In the present embodiment, the unit core 57a of the ferrite core 57 is moved in the width direction in order to prevent the temperature of both ends in the width direction (the non-sheet passing area r3) of the fixing belt 50 from rising. In the part that does not face the unit core 57a of the fixing belt 50, the magnetic flux does not concentrate. The part that does not face the unit core 57a of the fixing belt 50 weakens the heat generation.

Since the sheet P is deprived of the heat in the sheet passing area r2 of the fixing belt 50, in order to maintain the fixing temperature, the unit core 57a is disposed to ensure a calorific value. Since the sheet P is not deprived of the heat in the non-sheet passing area r3 of the fixing belt 50, in order to suppress the temperature rise of the fixing belt 50, the unit core 57a is not disposed to lower the calorific value. In the example in FIG. 4, the unit core 57a at the outside in the width direction retreats to the inside in the width direction. In the configuration in which the unit core 57a retreats in the width direction, the effect of suppressing the temperature rise of the fixing belt 50 is higher than that in the configuration in which the unit core 57a retreats in a direction crossing (orthogonal) to the width direction.

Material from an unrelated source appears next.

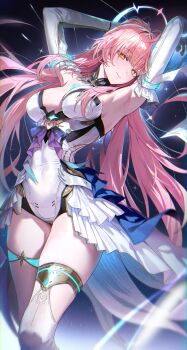 Rule 34 | 1girl, absurdres, aemeath (wuthering waves), ahoge, arms up, bare shoulders, breasts, closed mouth, commentary, elbow gloves, gloves, hair ornament, highres, leotard, long hair, looking at viewer, medium breasts, orange eyes, pink hair, ponytail, ryugisa, showgirl skirt, skirt, smile, solo, star-shaped pupils, star (symbol), symbol-only commentary, symbol-shaped pupils, thighs, white gloves, white leotard, white skirt, wuthering waves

As shown in FIG. 3, the ferrite core 57 is divided into a plurality of the unit cores 57a movable along the width direction (longitudinal direction of the coil 56). The ferrite core 57 has a first width h1 in the width direction at the time the sheet P with a maximum width passing through the fixing apparatus 34. If the ferrite core 57 has the first width h1, the plurality of the unit cores 57a is equally spaced apart by a first interval k1 between the adjacent unit cores 57a in the width direction. At this time, the positions of the plurality of the unit cores 57a are set as positions before movement or initial positions. For example, the first width h1 of the ferrite core 57 is the width of the sheet P with the largest width of the short side thereof among the sheets P to be fed. For example, the first width h1 is slightly larger than the short side width of an A3 paper. For example, the first width h1 is the full width of the fixing belt 50, which is a sheet passing area r1. If the sheet passing area r1 is ensured, there is no non-sheet passing area practically.

As shown in FIG. 4, the ferrite core 57 shortens the full width of the ferrite core 57 according to the size of the sheet P at the time the sheet P having a width smaller than the maximum width passes through the fixing apparatus 34. For the example, the plurality of the unit cores 57a forming the ferrite core 57 is set as movable cores 57b capable of moving in the width direction. The unit cores 57a (the movable cores 57b) positioned at both ends in the width direction of the ferrite core 57 face the both sides in the width direction of the fixing belt 50. The ferrite core 57 shortens the whole width by moving the unit cores 57a (movable cores 57b) positioned at both ends in the width direction towards the inside in the width direction thereof. At this time, the ferrite core 57 has a second width h2 in the width direction. For example, the second width h2 is slightly larger than the short side width of A4 paper. For example, the second width h2 is the sheet passing area r2. If the sheet passing area r2 is ensured, the non-sheet passing area r3 is generated.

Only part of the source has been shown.